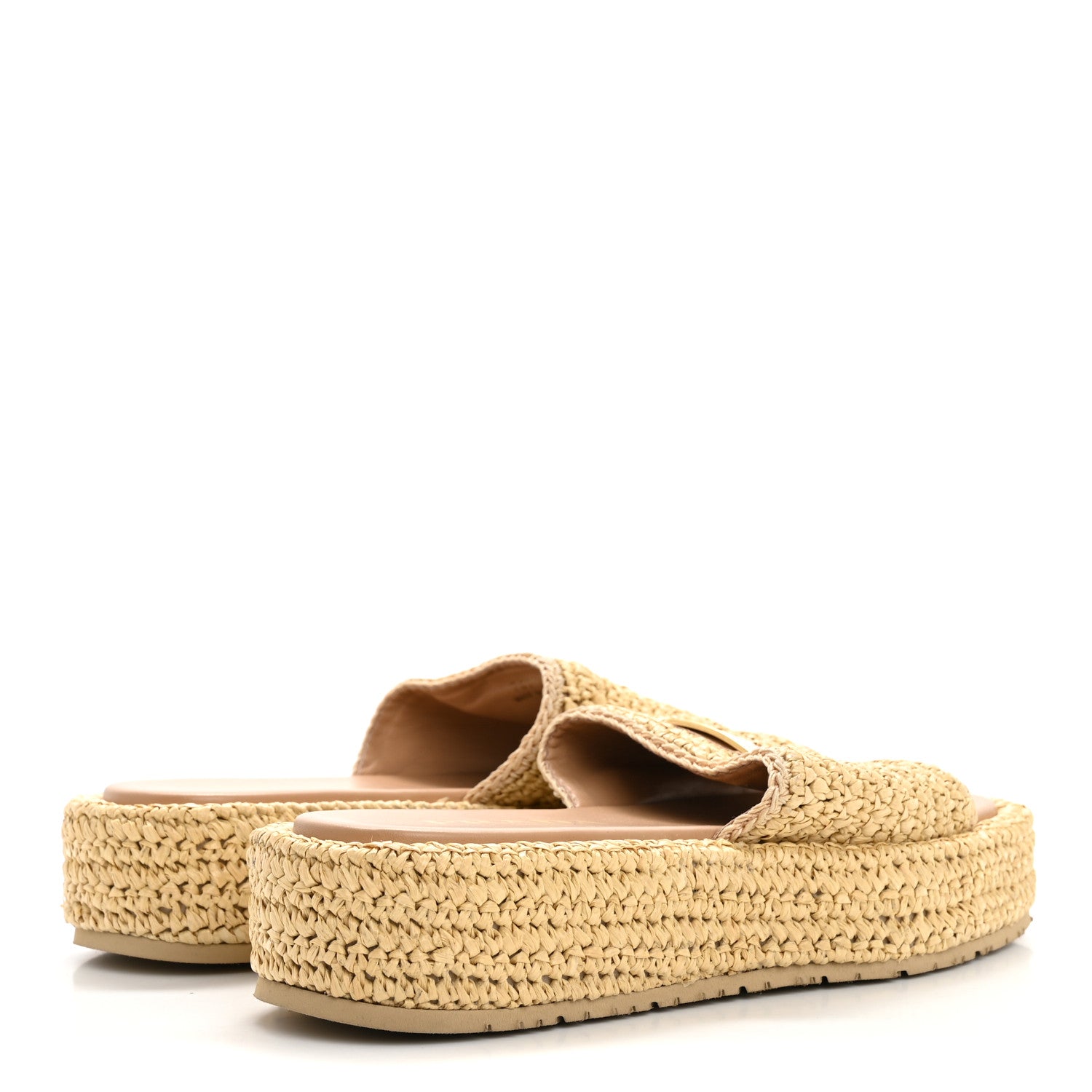 Prada Raffia Metal Triangle Logo Woven Flatform 35mm Slide Sandals 39 Naturale 8 of 17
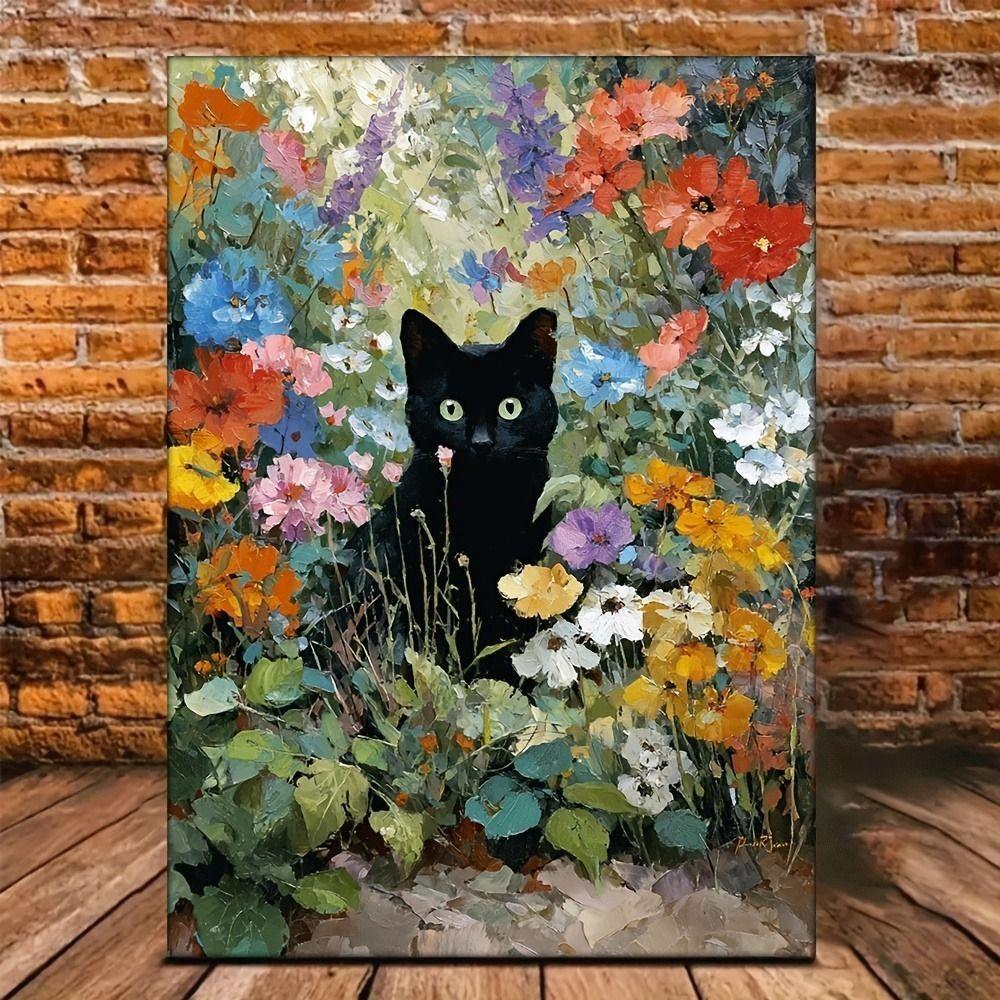 Metall Gedenkzeichen Katze Wartet an der Tür Schwarze Katze Sonnenblume Geschenk Haustierverlust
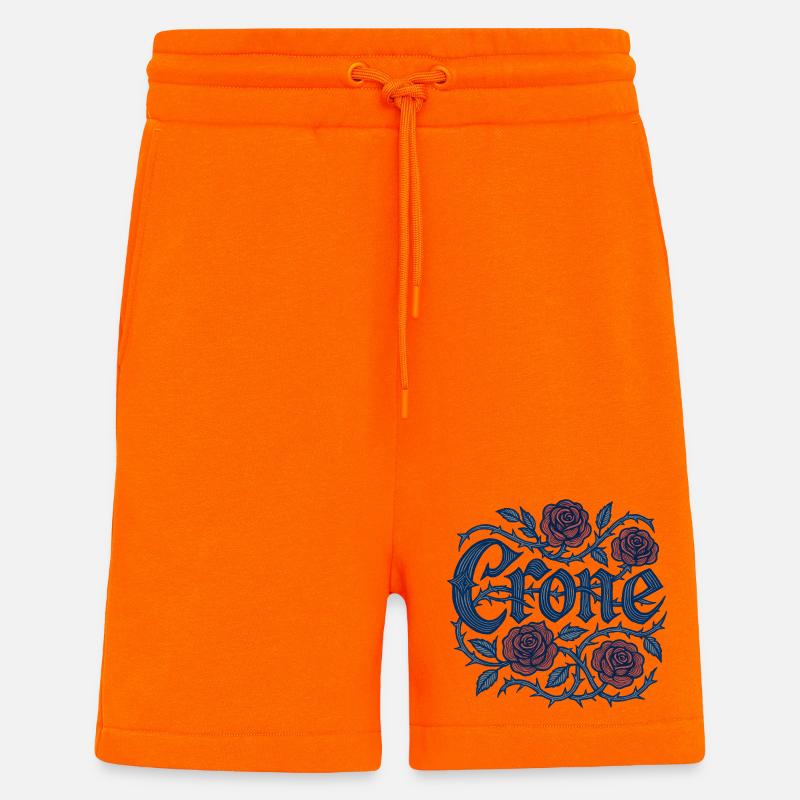George Roses avec vignes épineuses - Short bio décontracté fabriqué en UE - SUNSET ORANGE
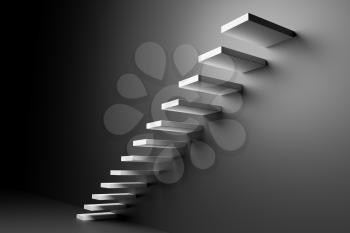 Ascending white stairs of rising staircase going upward in black empty room, abstract black 3D illustration. Business growth, progress way and forward achievement in the dark creative concept.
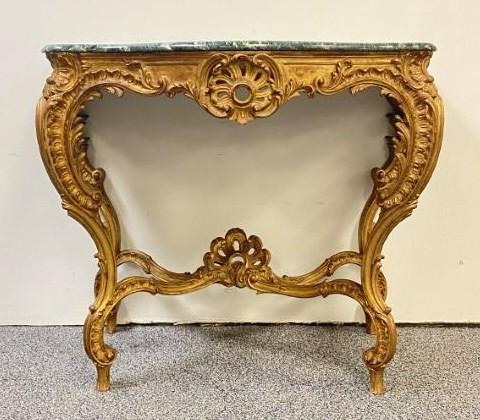 ROCOCO STYLE GREEN MARBLE TOP CONSOLE TABLE (1 of 20)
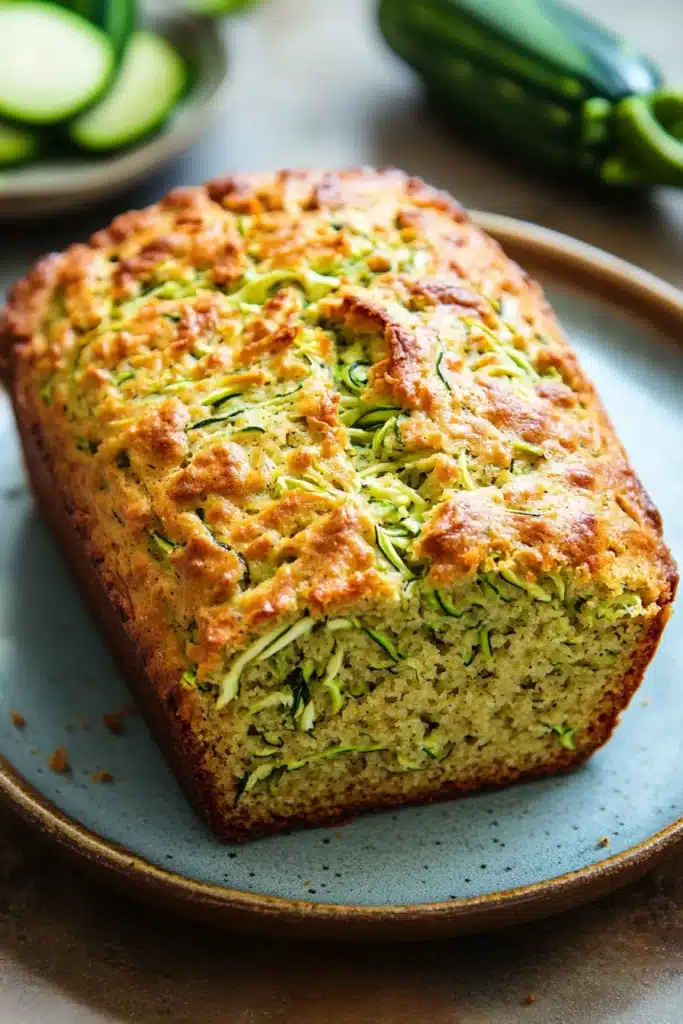Close-up of paleo zucchini bread with a golden crust and visible zucchini shreds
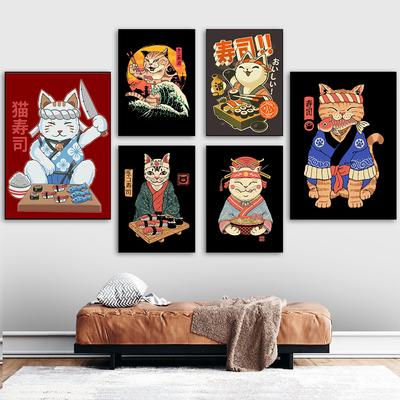 Geisha Neko Ramen Wall Canvas Poster Sushi Cat Chef Japan Wave Print Painting Retro Funny Meowster Bar Kitchen Home Decor Mural
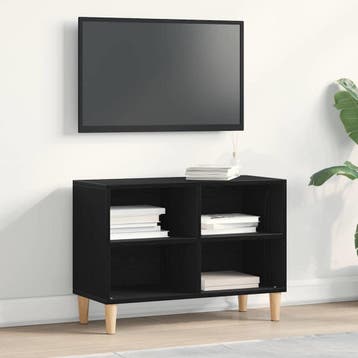 vidaXL TV Kast Zwart Eiken 69,5 x 30 x 50 cm Bewerkt hout, Verzenden, Nieuw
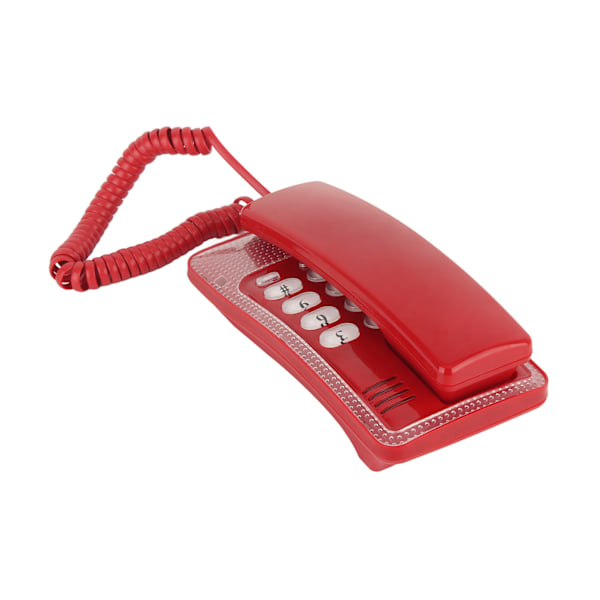 KXT‑438 vægmonteret hjemmetelefon med ledning og hurtigopkald, hurtig blink, lydløs funktion til hjem, hotel, skole, kontor, rød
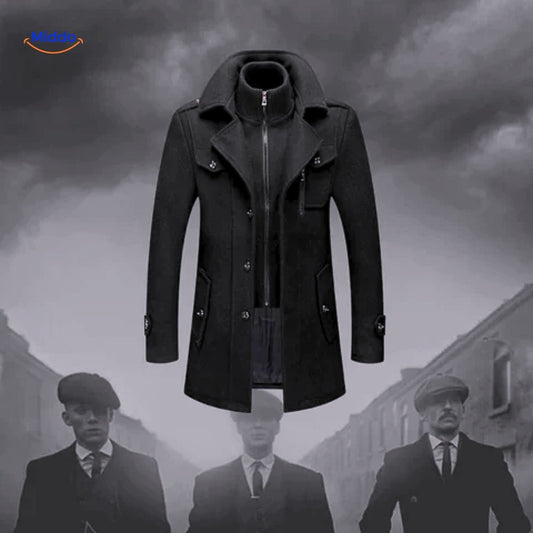 Herren Trenchcoat Doppelkragen Lang Peaky Blinders Stil Beige - Norvielle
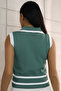 Polo Collar, Buttoned, Striped, Sleeveless, Summer Women's Knitwear Undershirt - 2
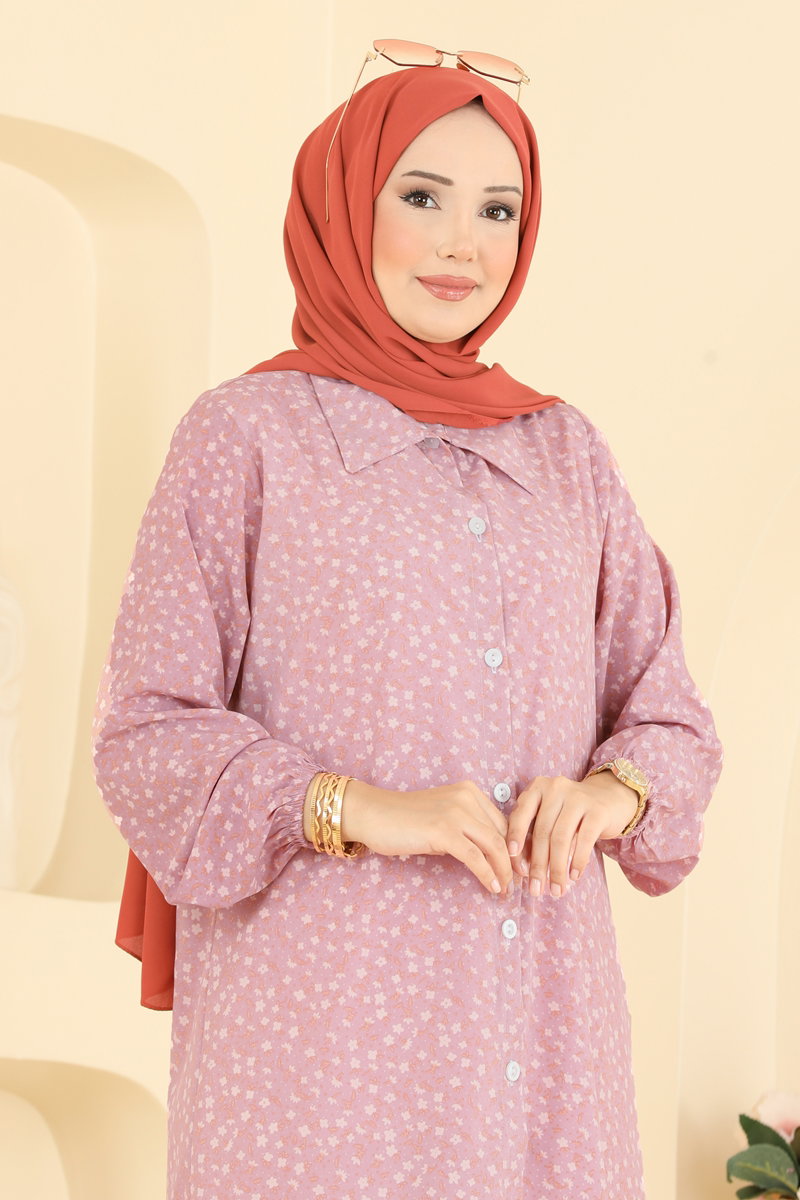 Patterned Woven Tunic with Buttons - Dusty Rose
++++++++++
### To do
Please write out all the entries above exactly, but leave out the pictures.

### Solution below
 Prada Raffia Metal Triangle Logo Woven Flatform 35mm Slide Sandals 39 Naturale 8 of 17
 Metall Gedenkzeichen Katze Wartet an der Tür Schwarze Katze Sonnenblume Geschenk Haustierverlust
George Roses avec vignes épineuses - Short bio décontracté fabriqué en UE - SUNSET ORANGE
 Ascending white stairs of rising staircase going upward in black empty room, abstract black 3D illustration. Business growth, progress way and forward achievement in the dark creative concept.
 ROCOCO STYLE GREEN MARBLE TOP CONSOLE TABLE (1 of 20)
Close-up of paleo zucchini bread with a golden crust and visible zucchini shreds
 Geisha Neko Ramen Wall Canvas Poster Sushi Cat Chef Japan Wave Print Painting Retro Funny Meowster Bar Kitchen Home Decor Mural
 vidaXL TV Kast Zwart Eiken 69,5 x 30 x 50 cm Bewerkt hout, Verzenden, Nieuw
 KXT‑438 vægmonteret hjemmetelefon med ledning og hurtigopkald, hurtig blink, lydløs funktion til hjem, hotel, skole, kontor, rød
 Herren Trenchcoat Doppelkragen Lang Peaky Blinders Stil Beige - Norvielle
 Polo Collar, Buttoned, Striped, Sleeveless, Summer Women's Knitwear Undershirt - 2
 Patterned Woven Tunic with Buttons - Dusty Rose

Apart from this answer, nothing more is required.